- Exercise brief -
From the data below, return only the lines from the one with "Simualted high-altitude radargram" through the one with "TIMILK Scarvanisher Scar", exact and inclusive, with pictures left out.

- Brief descriptive captions -

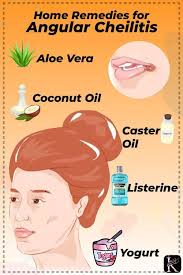 Symptoms Of Angular Cheilitis Will Almost Appear At The Edges Of The Mouth Learn More About Cracks Corne Cracked Corners Of Mouth Pimple In Mouth Skin Dryness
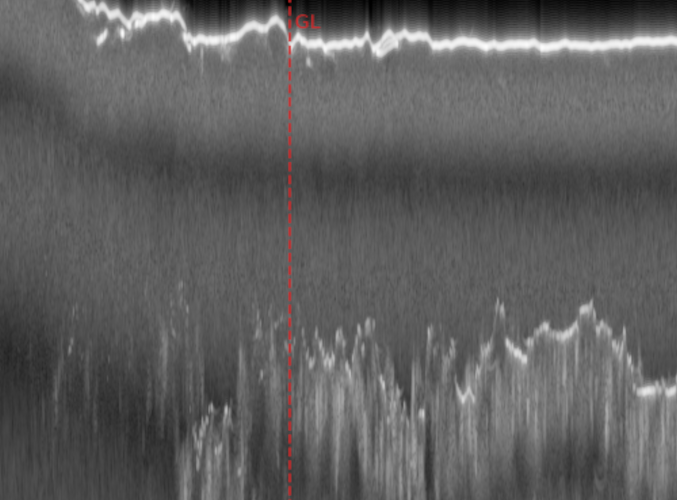 Simualted high-altitude radargram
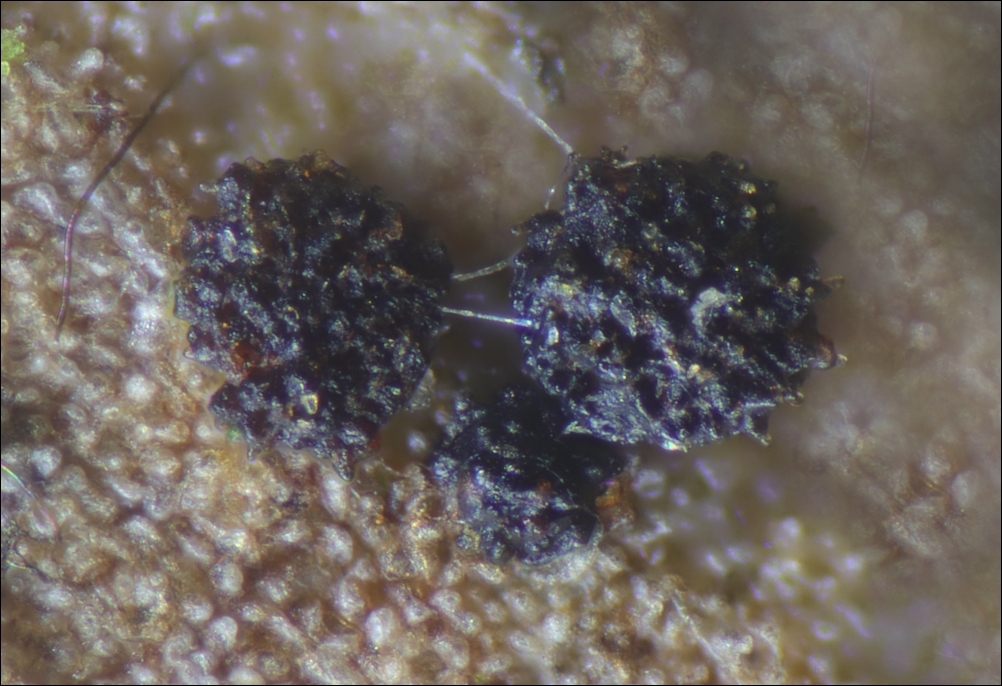 Bartheletia paradoxa auf Gingko biloba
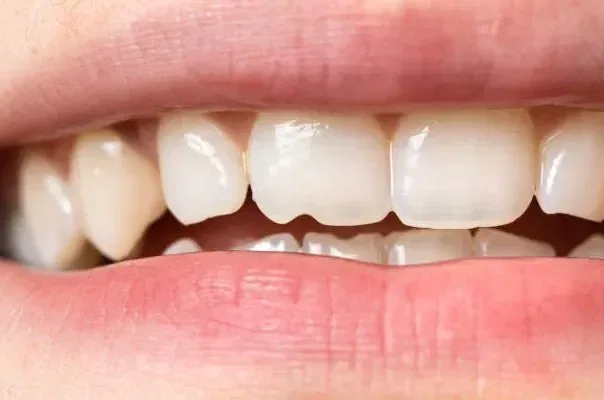How to fix a cracked tooth naturally? 12 Fabulous Tips
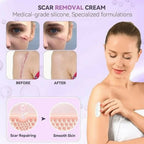 TIMILK Scarvanisher Scar Gel 30g | Advanced Scar & Stretch Marks Removal Cream | Fast-Absorbing Skin Repair Gel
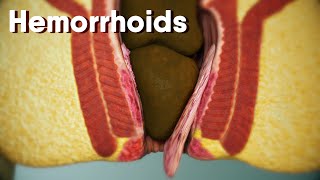 Hemorrhoidsdifferent types of hemorrhoids internal and external Hemorrhoids Hemorrhoids treatment [upl. by Adalie]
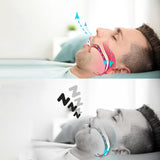 Anti-Snoring Corrective Breath Positioning Mouth Night Guard - Normabest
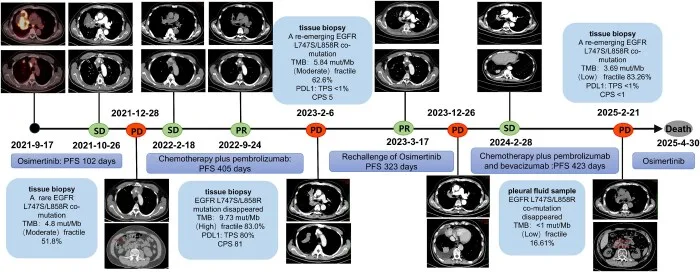 A patient, who was diagnosed with Stage IV Non-Small Cell Lung Cancer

- Result below -
 Simualted high-altitude radargram
 Bartheletia paradoxa auf Gingko biloba
How to fix a cracked tooth naturally? 12 Fabulous Tips
 TIMILK Scarvanisher Scar Gel 30g | Advanced Scar & Stretch Marks Removal Cream | Fast-Absorbing Skin Repair Gel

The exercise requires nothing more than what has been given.